DISTRIBUTED COMPUTING

The basic principle of distributed computing is that a complex problem is divided into several subproblems and these subproblems are calculated by independent parallel computing devices. MapReduce is an important technology of Google, it is a kind of simplified parallel computing programming model which makes these developers who have not much parallel computing experience can develop parallel applications (Wu and Ding, 2007). MapReduce can implement the massive data retrieval which can divide massive data into a plurality of small blocks calculated in a distributed method and then map them to a reduce center, so as to achieve rapid processing (Peng et al., 2012). MapReduce distributed programming model has two core operation: Map (mapping) and Reduce (reduction). The principle of MapReduce is the divide and conquer method. In the computing model, the main node firstly splits the input data sets into smaller subdata sets; second, the subdata sets are processed by work nodes.

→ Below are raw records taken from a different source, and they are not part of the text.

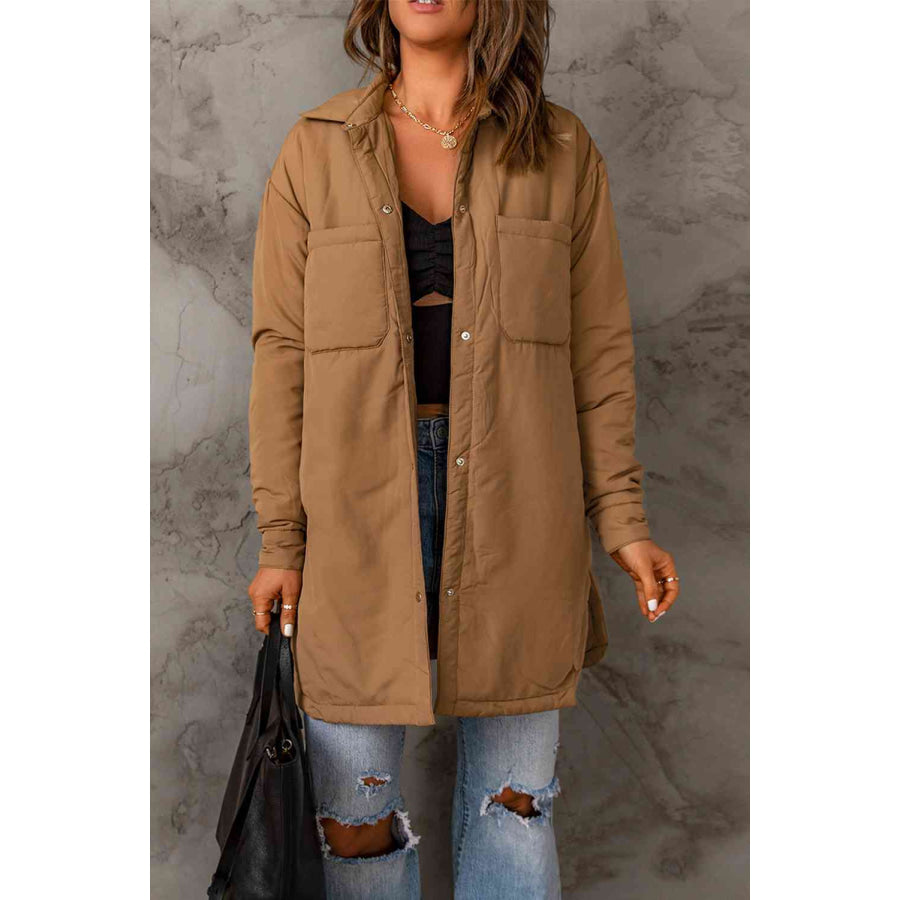 Double Take Snap Down Side Slit Jacket with Pockets Brown / 2XL Coats &amp; Jackets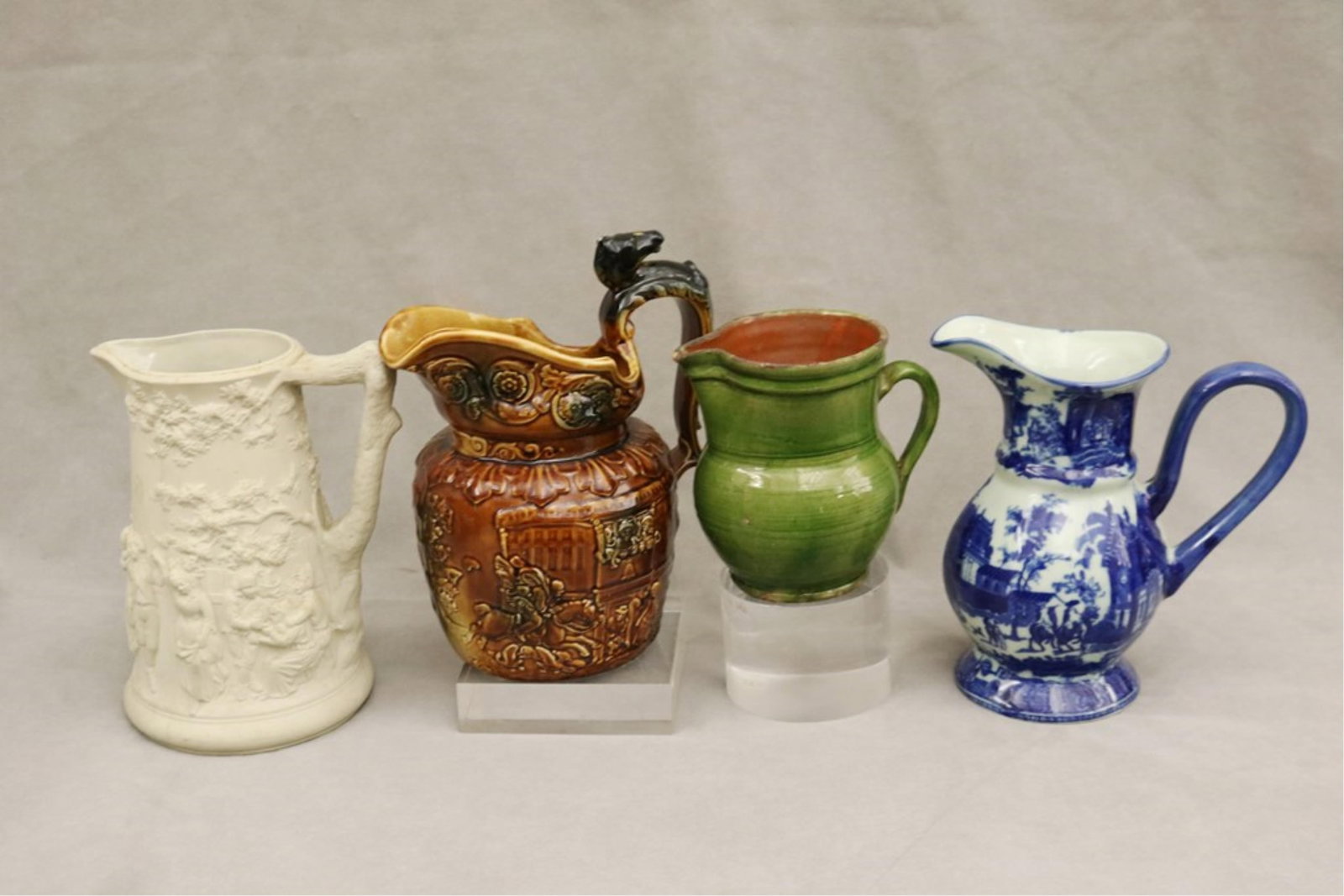 ASSORTED VINTAGE ENGLISH AND OTHER CERAMIC PITCHERS - Tallest, H: 9 3/4 in..: ASSORTED VINTAGE ENGLISH AND OTHER CERAMIC PITCHERS Tallest, H: 9 3/4 in.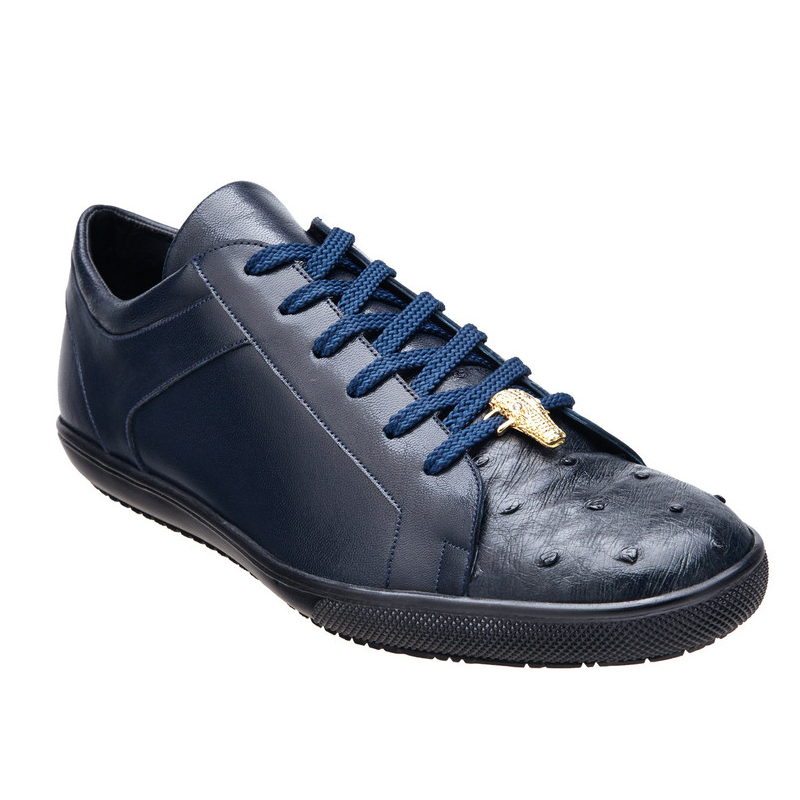Belvedere Rocco Ostrich & Calfskin Sneakers Navy Image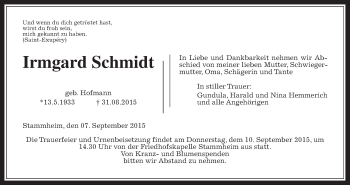 Traueranzeige von Irmgard Schmidt von Wetterauer Zeitung, Wetterauer Zeitung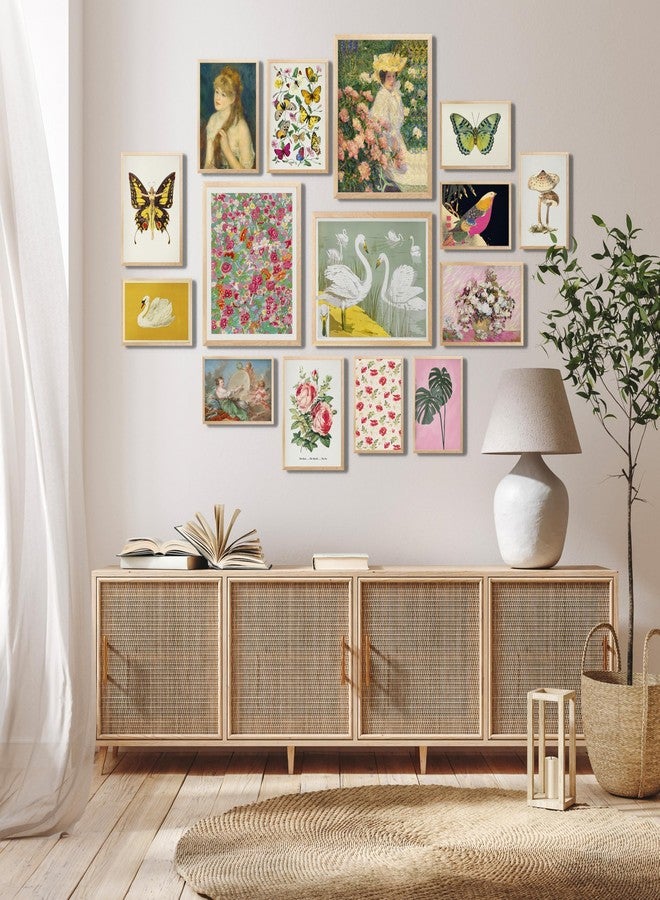 LANCHI95 15 Pcs Maximalist Gallery Wall, Colorful Eclectic Decor, Colorful Art, Girls Room, Vintage Wall Art Prints, Moody Maximalist Bedroom Decorations (UNFRAMED) (Eclectic 7, Unframed) - Image 3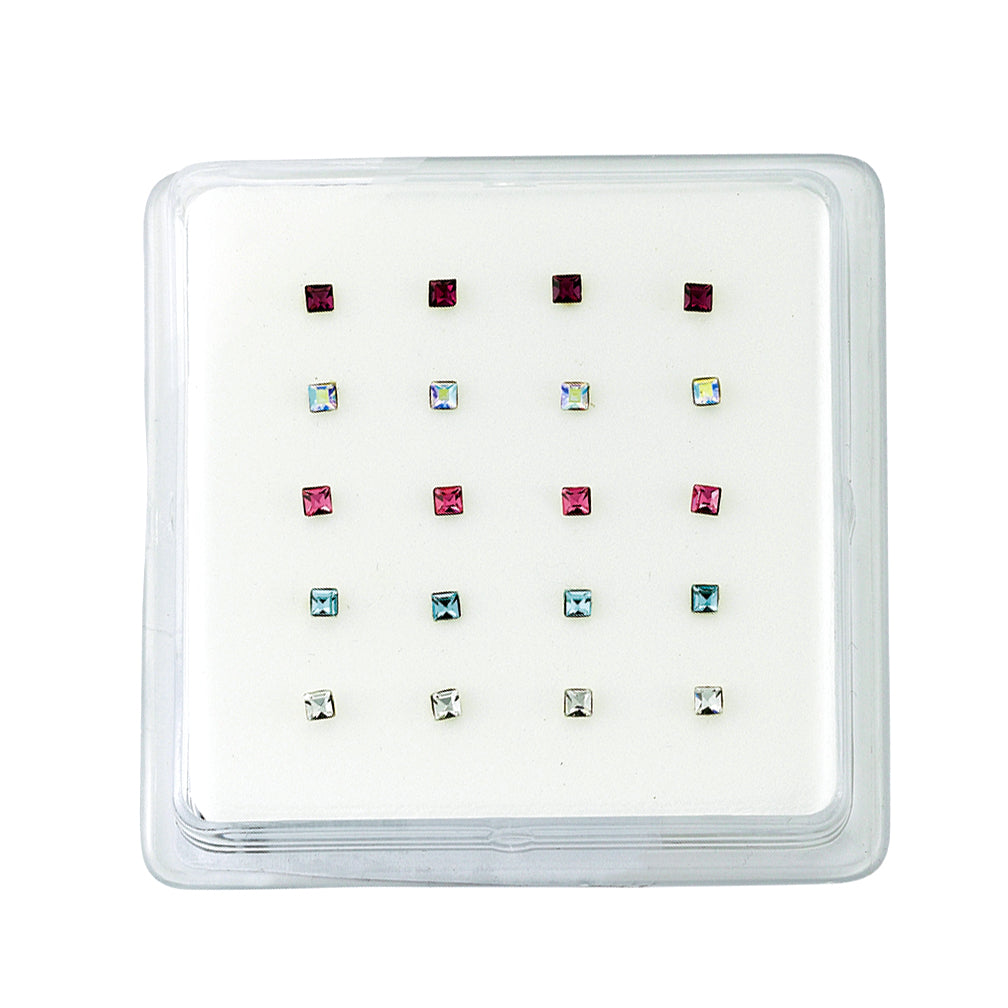 Silver  Multi Colour Square CZ Pack of 20 Nose Studs Set - NP6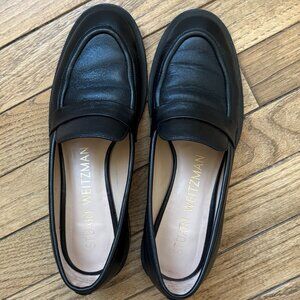 Stuart Weitzman Palmer Sleek Leather Loafer Black Women's 7B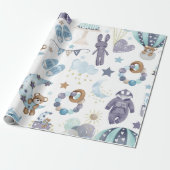 Blue Baby Boy Baby shower Baby Gift Wrap Cadeaupapier (Uitgerold)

Fig. 1:	Execution process in MapReduce model

If the running work nodes in the model are too many (hundreds of thousands), work nodes may do the above operation again, then the problem sets will become into a multi-layer tree structure. When the subdata sets are calculated, the results will be returned to the master node. The master node collects all the data sets results and classifies them, then master node gets final results. The execution process is shown in Fig. 1.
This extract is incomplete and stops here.